Dans tous ces cas, il s’agit de grands travaux, exigeant des centaines et des
milliers de travailleurs ; des travaux si étendus que la technique la plus
moderne ne s’y attaquera que lorsqu’elle disposera d’une main d’œuvre
infiniment bon marché ».
D’un
ton léger, aventurier, délicieusement kitsch, pas très éloigné d’un Jules VERNE
aux accents H.G. Wellsiens, le récit se dramatise tout à coup, pour devenir
parfois étouffant. Un certain Povondra a permis la publicité sur cette
découverte majeure. Depuis, il collectionne chaque coupure de journaux en
faisant état. Il possède une véritable encyclopédie chez lui et réalise
pleinement l’essor des salamandres, leur potentielle révolte, car « Seuls les puissants de ce monde peuvent
faire le bonheur des autres sans dépenser un sou ».
La
prolifération des salamandres entraîne une refondation totale de la société.
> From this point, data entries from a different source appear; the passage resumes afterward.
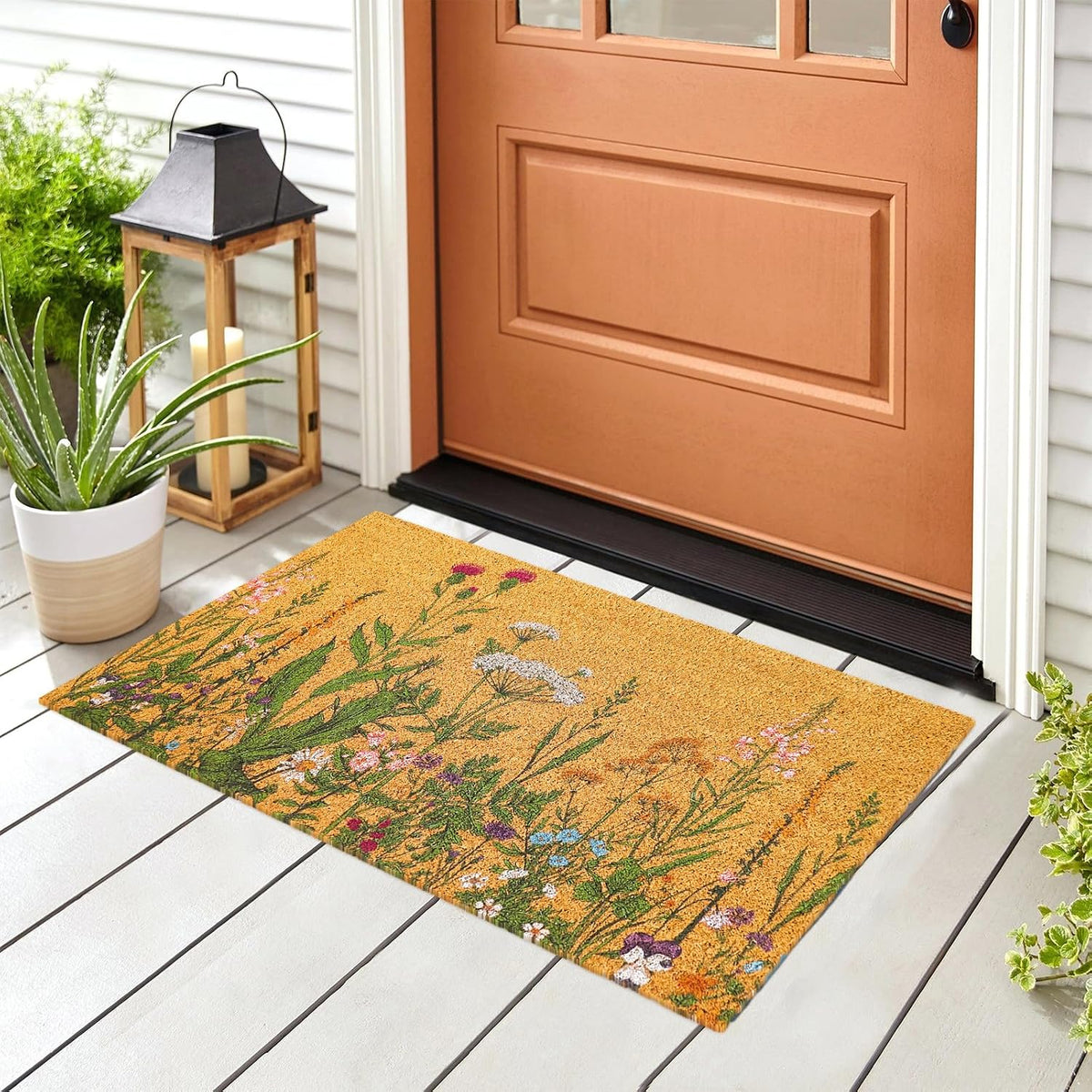 Vintage Wildflower Coir Welcome Doormat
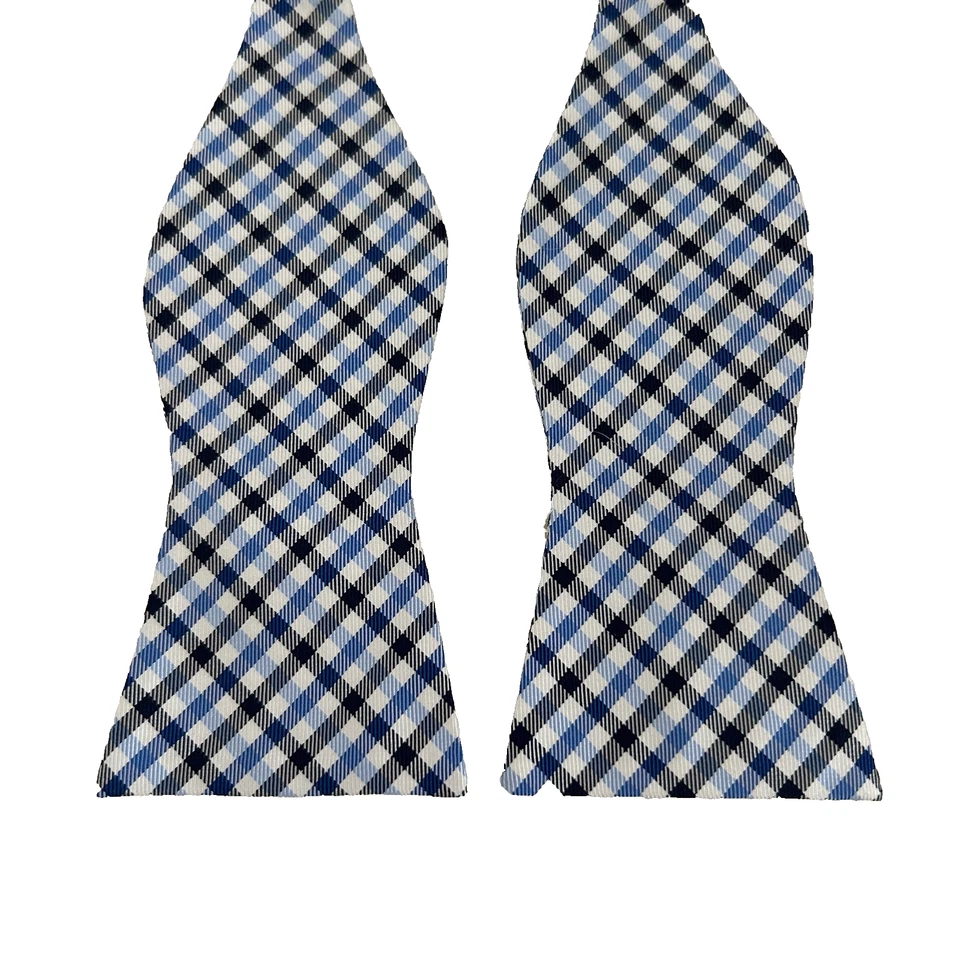 Pajarita Tommy Hilfiger con pajarita azul blanco negro patrón de cuadros de guinga Foto 2 de 2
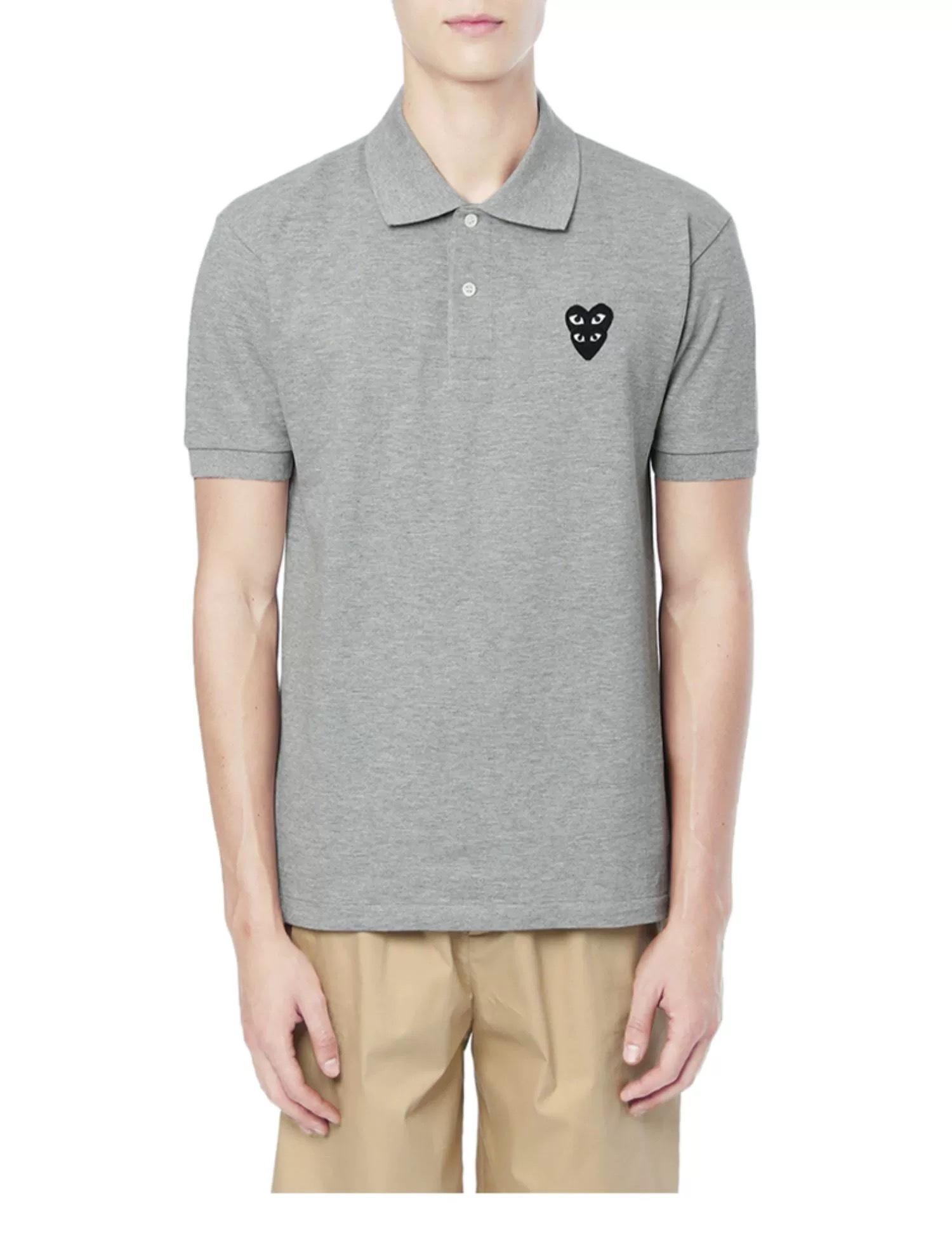 Поло Comme des Garcons Play Double Red Heart "Gray" фото № 2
Elles se multiplient tellement qu’elles ont de plus en plus besoin d’espaces
côtiers vitaux, donc elles rognent les côtes, font des canaux pour obtenir plus
de place. Elles se comptent désormais en plusieurs dizaines de milliards d’individus,
se rebellent contre l’homme, totalement dépassé par ce que pourtant il a
développé.
ČAPEK sait se faire philosophe et
sociologue : « L’homme est-il,
a-t-il jamais été capable de bonheur ? L’homme certes, comme tout être qui
vit, mais pas le genre humain. Tout le malheur de l’homme réside dans le fait
qu’il ait été obligé de devenir l’humanité ou qu’il l’est devenu trop tard,
quand il s’était déjà irréparablement différencié en nations, races, croyances,
castes et classes, en riches et en pauvres, en hommes éduqués et en ignorants,
en maîtres et en esclaves. Rassemblez de force en un même troupeau des chevaux,
des loups, des brebis, des chats, des renards et des biches, des ours et des
chèvres ; parquez-les dans un même enclos, forcez-les à vivre dans cette mêlée
insensée que vous appellerez l’Ordre Social et à respecter les mêmes règles de
vie ; ce sera un troupeau malheureux, insatisfait, fatalement divisé, où
nulle créature ne se sentira chez elle ».
Ce
récit, à première vue de science fiction, est en fait un puissant roman
politique. En 1936, ČAPEK voit son pays la Tchécoslovaquie de plus en plus
menacé par l’Allemagne nazie. Les salamandres du livre, c’est le peuple
tchécoslovaque, le nazi étant représenté par l’homme. Dans cet ouvrage, ČAPEK
imagine l’invasion du pays par les forces ennemies (qui se réalisera un peu
plus de 2 ans plus tard). « La guerre des salamandres » est un pur
chef d’œuvre tout en variations : de roman d’aventures quasi picaresque
aux accents théâtraux, il se transforme en récit d’anticipation, allégorique
sur la politique européenne de son temps, sous couvert de science fiction. Il
se fait aussi visionnaire et en fin de volume, l’auteur Karel ČAPEK se met en
scène dans un style d’essayiste : en effet, il s’interroge sur la chute de
son roman, la jugeant trop dure, il fait part de ses pensées, ses ressentis.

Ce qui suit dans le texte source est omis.